Quem tem sono leve acordou na manhã do último domingo (07) com a fogueteria dos bandos que saíam de todas as partes da cidade para anunciar os festejos em homenagem à padroeira de Feira, Senhora Sant’Anna. Já às 5h da manhã era possível ver a romaria em direção à Conselheiro Franco, em frente ao Centro Universitário de Cultura e Arte, o CUCA, instituição que organiza o Bando Anunciador.

Um desentendido narraria como uma visão onírica tanta gente andando tão cedo, sob a neblina de um domingo, com fantasias diversas pelas ruas da cidade. Dos já clássicos personagens Lampião e Maria Bonita até as mais ácidas e contemporâneas, como a do aeronauta flagrado com 39 quilos de cocaína no avião presidencial.

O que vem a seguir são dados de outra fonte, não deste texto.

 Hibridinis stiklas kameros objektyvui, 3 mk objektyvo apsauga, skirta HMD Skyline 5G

Fantasia Bando Anunciador 2019

Fantasia do aeronauta com 39 quilos de cocaína no Bando Anunciador 2019. Foto: Arivaldo Publio

Antes da jornada, muitos organizam o café da manhã reforçado, para resistir ao percurso animado com muitas charangas e afoxés. Não é raro, nos bares e cafofos na região da Matriz, ver pratos fumegantes de mocofato, carne do sol com cuscuz, sarapatel ou feijão-com-tudo-dentro sendo servidos.

No Bando Anunciador é possível ver gente de todas as idades, origens sociais, cores, orientações sexuais e ideológicas. Sem dúvida, a festa mais inclusiva e democrática que Feira de Santana consegue produzir. Há bandos de três ou quatro integrantes, que escolhem uma pauta (ou não) para apresentar à galhofa coletiva, e há bandos com centenas de foliões organizados com muito planejamento e estruturação comunitária.

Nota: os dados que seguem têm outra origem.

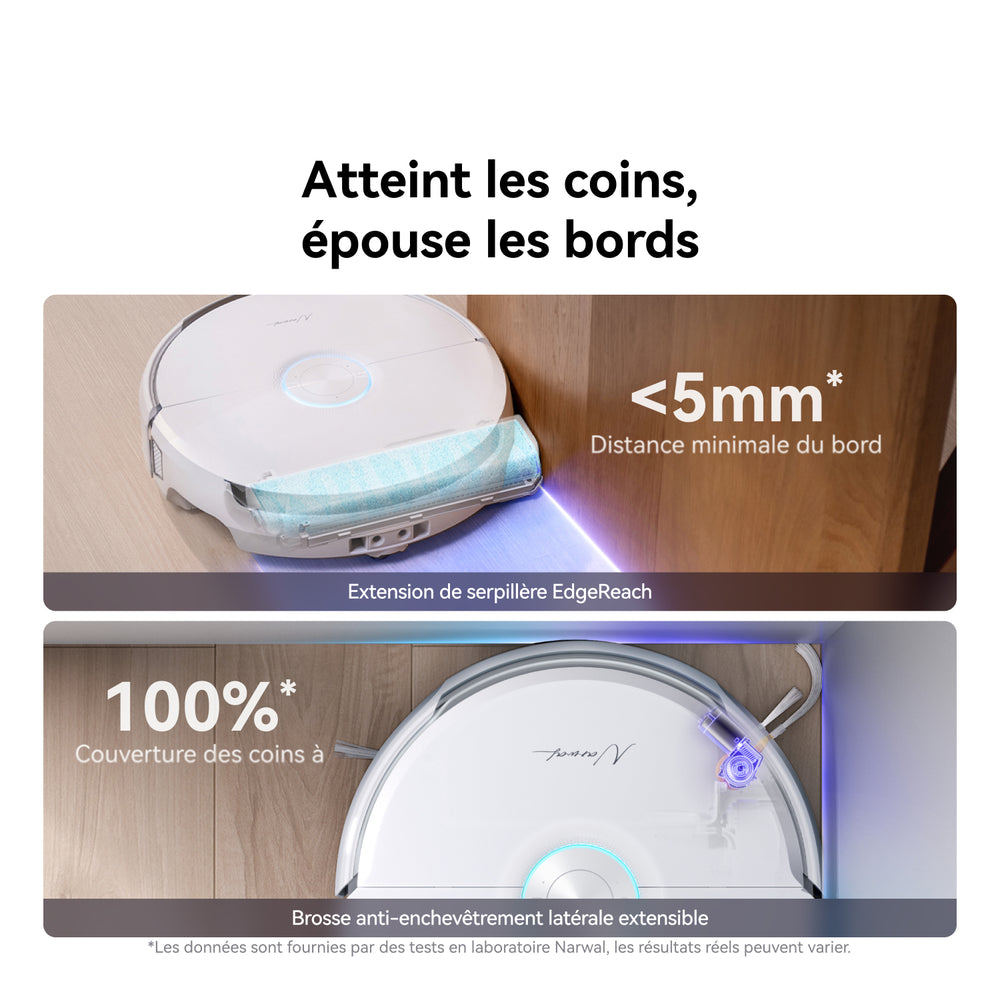 Narwal Flow Aspirateur Robot Laveur – Packs combinés avec accessoires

Os bandos da Queimadinha, Baraúnas e Rua Nova

Bando das Baraúnas

Bando das Baraúnas. Foto: Arivaldo Publio

No Bando Anunciador 2019, três localidades tradicionalmente estigmatizadas pelas ocorrências criminais em seus territórios fizeram o ponto alto da festa. Queimadinha, Rua Nova e Baraúnas levaram, cada um, centenas de integrantes, todos vestindo a camisa dos seus bairros, orgulhosos por pertencerem às suas comunidades.

Todos esses bandos têm músicas autorais, cantadas em referência ao próprio Bando, conhecidas e entoadas pela massa dos integrantes. É notável a rivalidade irreverente que existe entre eles, desde muito antes do evento, com a expectativa de qual será o bando mais animado, o que terá mais foliões etc.

Bando Anunciador 2019

Bando Anunciador 2019. Foto: Arivaldo Publio

Durante o percurso, na prática, os bandos se desfazem, prevalecendo a dinâmica democrática do Bando Anunciador: patricinhas e mauricinhos colam no bando da Baraúnas, um integrante do bando da Queimadinha segue o bando da Rua Nova, alguém que foi “só pra olhar” não resiste e vai sambando atrás do bando da Queimadinha e por aí vai.

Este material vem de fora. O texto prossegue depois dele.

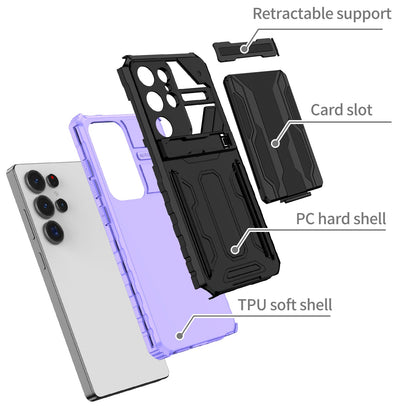 Galaxy S25 Ultra Kickstand Heavy Duty Case [Purple]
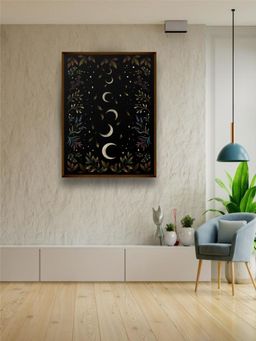 The Art House - Abstract Painting Multicolor (40X30 Inches)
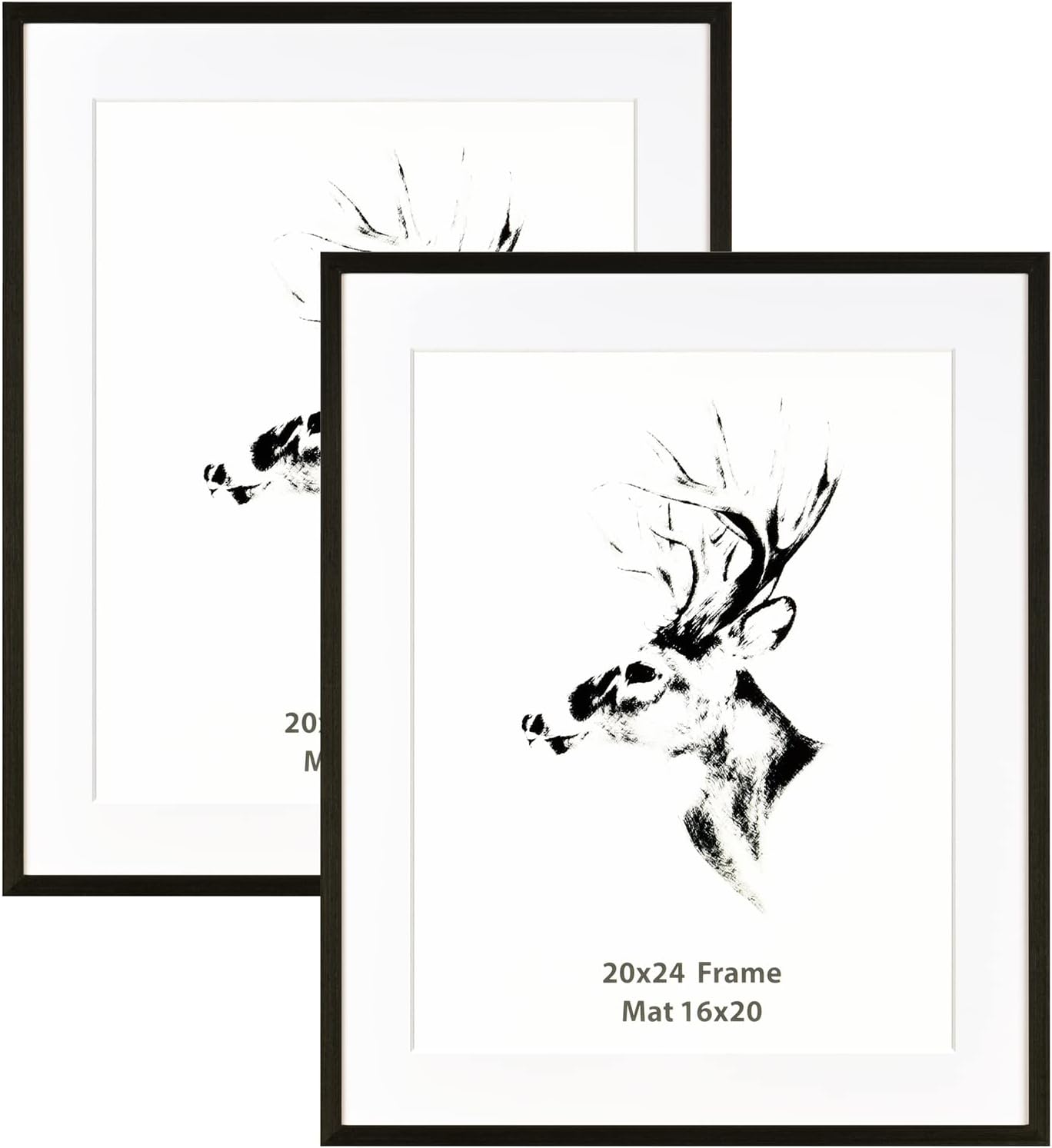 Yaetm 20x24 Black Wood Picture Frame Set of 2 for Photos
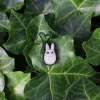 Pins|Maison Ghibli Broche Cannetille Totoro blanc - Mon voisin Totoro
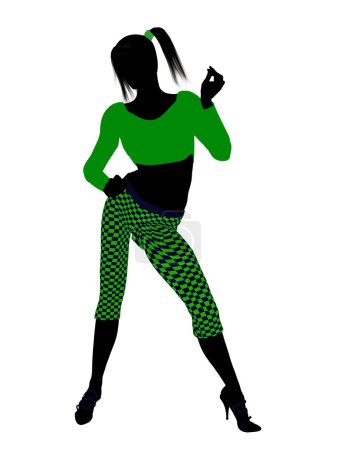 Silhouette d'illustration de femme décontractée 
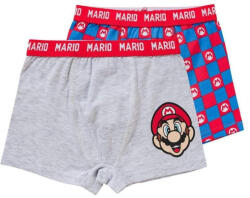 Fashion UK Super Mario Power gyerek boxeralsó 2 darab/csomag 5 év / 110 cm 85FKC545855 (85FKC545855)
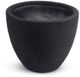 Le Present Sandstone Helmet Black 12" Planter-0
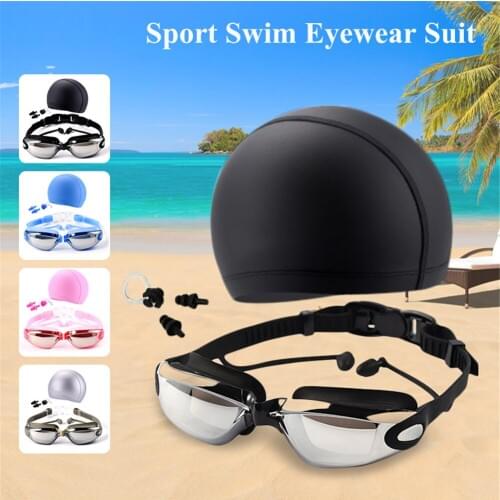 Men Women Swim Glasses Anti Fog UV Protection Swim Eyewear Professional Electroplate Waterproof Swimming Goggles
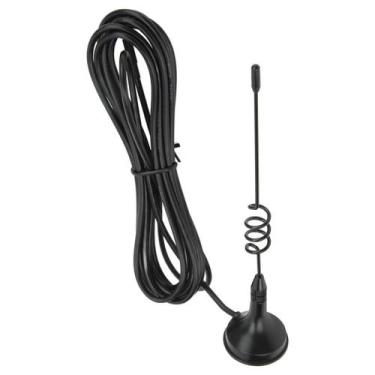 Imagem de Antena de Alto Ganho SMA Interna RF Ventosa p/ Monitoramento - Generic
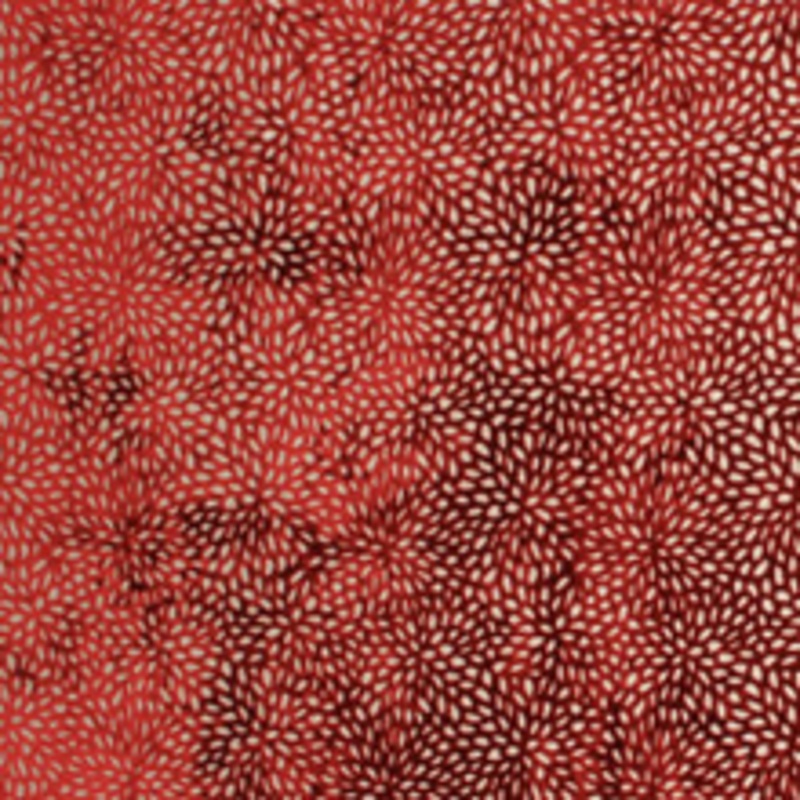 RM CoCo Fabric Ikebana Crimson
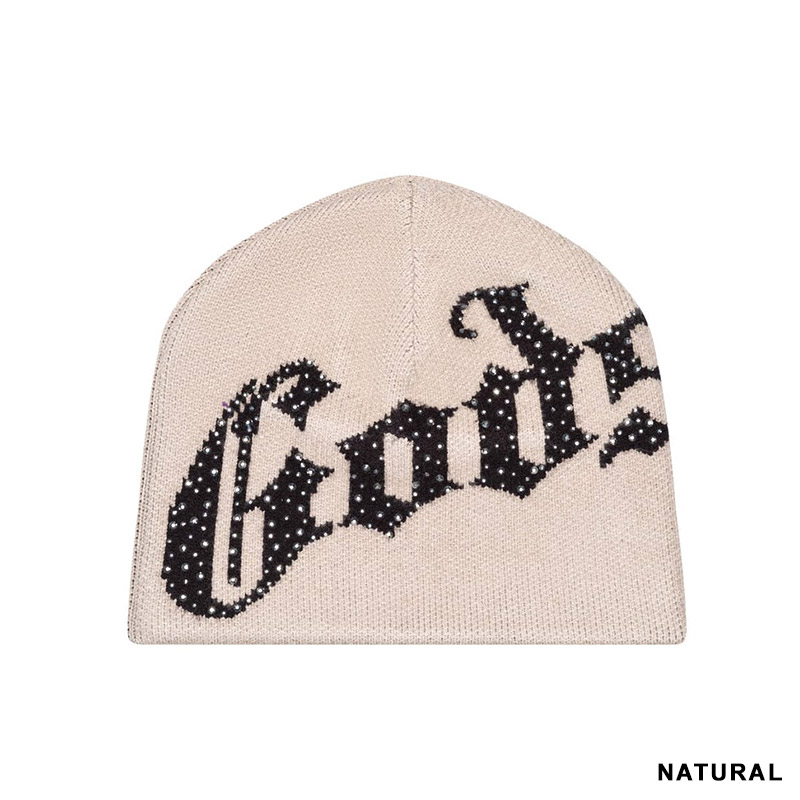 OG LOGO STUDDED BEANIE -2.COLOR-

Importante notar como a alegria, a inventividade e o vigor cultural desses bairros resistem a todas as carências sociais e estigmas projetados sobre eles.

Necessidades para o Bando 2020

Rua Conselheiro Franco durante o Bando 2019

Rua Conselheiro Franco durante o Bando 2019. Foto: Arivaldo Publio

O Bando Anunciador cresce a cada ano, mantendo o status de evento seguro, que atrai todos os estratos da nossa sociedade. Com o aumento do público, alguns ajustes estruturais precisam ser feitos, a exemplo do aumento da quantidade de banheiros químicos e a definição de uma metodologia de atuação para os vendedores ambulantes.

Em alguns pontos do percurso, principalmente nas proximidades do CUCA, transitar torna-se muito difícil, principalmente por causa do “engarrafamento” de carrinhos de vendedores de cerveja, em lugares já afunilados por barracas em ambos os lados da rua.

Bando Anunciador 2019

Bando Anunciador 2019. Foto: Arivaldo Publio

Não se trata de proibir o ganha-pão desses vendedores, legítimos integrantes da festa, mas de estabelecer um diálogo com eles para chegar a uma solução razoável.

Essas dificuldades, porém, não tiraram a beleza do Bando Anunciador, um evento sem qualquer iniciativa empresarial e pouquíssimo empenho dos governos. O Bando é a materialização de uma cidade diversa, pulsante, politicamente consciente e acolhedora. É de se perguntar como esses atributos são perdidos, corrompidos e tomados nos corredores das nossas burocracias.